By the end of the 1700s, turtle soup had become a national mania. The great reformer and chef Alexis Soyer believed that the dish arrived in Britain at the beginning of that century, but “only at the tables of the large West Indian proprietors, from whom it progressed to those of the City companies. During the time of the South Sea Bubble,... turtle soup was the height of fashion.” (Hutchins 37)
According to Sheila Hutchins (who included two dozen recipes for soup, though none for turtle, in her English Recipes and others),
“[d]uring the Regency and for the best part of the nineteenth century the turtle was ‘esteemed the greatest luxury which has ever been placed upon our tables.’ The great English specialty, it was for long obligatory at diplomatic and ceremonial banquets and as indispensable as whitebait.” (Hutchins 37)
By midcentury, turtle soup had become the centerpiece of the annual Lord Mayor’s Banquet in the City of London, a spot it never has relinquished. Otherwise, however, turtle soup has virtually disappeared from British tables, although it remains a fixture in the traditional restaurants of Philadelphia and New Orleans. A number of Louisiana and Pennsylvania cookbooks include recipes for what amount to modern ‘mock’ turtle soups; you can substitute beef for the amphibian meat.
Traditional mock turtle soup, essentially a stew of calf’s head, is considerably rarer; so rare, in fact, that nobody at britishfoodinamerica ever has seen it on a menu, although the proprietors of Tout Va Bien in Manhattan, where a superb tête de veau is a menu fixture, are familiar with the English dish. It was particularly popular during the sixteenth century among the victors of the English Civil War: These Puritans even established a “Calf’s Head Club” where the soup “was eaten as a symbol of scorn towards the recently beheaded King Charles I.” (Boyd 121)
We cannot say enough good things about oxtail soup which, however, also is increasingly difficult to find. The tail is the perfect cut for stock, with its high gelatin content and deeply beefy flavor. The older cookbooks offer both thin and thick versions, and remarkably enough the Knorr packet of dried oxtail is more than serviceable as a base for creating a quick stone soup loosely based on the authentic rendition.

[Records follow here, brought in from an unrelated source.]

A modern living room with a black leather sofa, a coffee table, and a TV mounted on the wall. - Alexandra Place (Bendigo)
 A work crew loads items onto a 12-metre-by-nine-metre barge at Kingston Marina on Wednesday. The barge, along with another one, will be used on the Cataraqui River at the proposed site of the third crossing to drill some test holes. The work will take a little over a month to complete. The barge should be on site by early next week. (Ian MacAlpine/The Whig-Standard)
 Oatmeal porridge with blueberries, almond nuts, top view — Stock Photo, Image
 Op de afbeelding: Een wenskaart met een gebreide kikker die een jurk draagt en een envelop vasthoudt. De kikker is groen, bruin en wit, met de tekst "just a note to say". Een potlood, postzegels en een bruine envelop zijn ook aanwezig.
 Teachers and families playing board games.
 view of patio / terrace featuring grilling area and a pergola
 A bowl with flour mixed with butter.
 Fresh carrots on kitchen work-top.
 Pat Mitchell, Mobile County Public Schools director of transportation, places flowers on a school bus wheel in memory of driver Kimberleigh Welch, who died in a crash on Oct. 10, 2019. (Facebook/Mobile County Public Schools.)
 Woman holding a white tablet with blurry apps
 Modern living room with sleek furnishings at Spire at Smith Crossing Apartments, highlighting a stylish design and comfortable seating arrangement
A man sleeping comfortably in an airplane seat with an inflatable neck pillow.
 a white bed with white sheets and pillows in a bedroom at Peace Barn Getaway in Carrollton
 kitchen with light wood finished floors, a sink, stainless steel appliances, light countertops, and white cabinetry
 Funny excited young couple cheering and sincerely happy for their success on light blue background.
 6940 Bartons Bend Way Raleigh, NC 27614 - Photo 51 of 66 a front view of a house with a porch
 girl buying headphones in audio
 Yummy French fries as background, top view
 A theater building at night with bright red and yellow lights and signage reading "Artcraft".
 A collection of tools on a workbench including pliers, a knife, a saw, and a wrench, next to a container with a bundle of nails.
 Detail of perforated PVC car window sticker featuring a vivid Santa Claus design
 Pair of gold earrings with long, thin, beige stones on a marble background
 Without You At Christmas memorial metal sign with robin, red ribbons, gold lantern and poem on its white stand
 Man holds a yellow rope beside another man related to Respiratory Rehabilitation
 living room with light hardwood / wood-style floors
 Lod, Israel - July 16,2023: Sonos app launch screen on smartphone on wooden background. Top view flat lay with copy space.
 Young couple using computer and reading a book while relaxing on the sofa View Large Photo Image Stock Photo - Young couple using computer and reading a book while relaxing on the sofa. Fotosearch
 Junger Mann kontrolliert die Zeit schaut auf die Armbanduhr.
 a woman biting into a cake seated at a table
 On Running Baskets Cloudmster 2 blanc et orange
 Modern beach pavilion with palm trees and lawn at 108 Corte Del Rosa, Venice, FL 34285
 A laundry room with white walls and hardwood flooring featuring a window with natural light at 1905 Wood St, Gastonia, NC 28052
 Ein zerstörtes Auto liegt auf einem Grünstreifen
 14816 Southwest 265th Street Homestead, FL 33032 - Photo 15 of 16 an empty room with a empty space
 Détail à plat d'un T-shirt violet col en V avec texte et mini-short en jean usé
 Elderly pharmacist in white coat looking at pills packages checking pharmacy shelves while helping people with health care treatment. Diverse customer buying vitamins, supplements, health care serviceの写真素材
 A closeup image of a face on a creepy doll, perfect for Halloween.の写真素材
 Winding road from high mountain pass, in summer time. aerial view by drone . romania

Back to the past, Eliza Acton’s slow cooked version includes carrots, celery, onion and turnip flavored with cayenne, cloves, mixed herbs and ham.
Whether or not a reader reasonably familiar with English food has sampled any of these last three soups, she likely will have known of their existence before beginning this essay. That is not the case regarding a number of other traditional English soups, including the gravy, kidney, spiced and onion soups previously noted.
The soup is served
Gravy soup (which, despite its canonical status in Georgian and Regency cookbooks, Boyd and others also omit) may strike twenty first century readers as an oddity. It is not, however, what it may seem. The usage of ‘gravy,’ like other terms including sentiment, has changed with time.
We think of sentiment as something exclusively emotional, a word nearly indistinguishable from ‘sentimental.’ When David Hume or Adam Smith used the term, however, they meant something different, and complex:
“Sentiments were feelings of which one is conscious, and on which one reflects. They were also events that connected the individual to the larger relationships in which he or she lived (the society, or the family, or the state). The traffic or commerce of modern life was at the same time a traffic in opinions and sentiments. The ‘man of society,’ in Smith’s translation of Rousseau’s Discours sur l’inegalite[sic], is ‘always out of himself;’ he ‘cannot live but in the opinion of others, and it is from their judgment alone that he derives the sentiment of his own existence.’” (Rothschild 9)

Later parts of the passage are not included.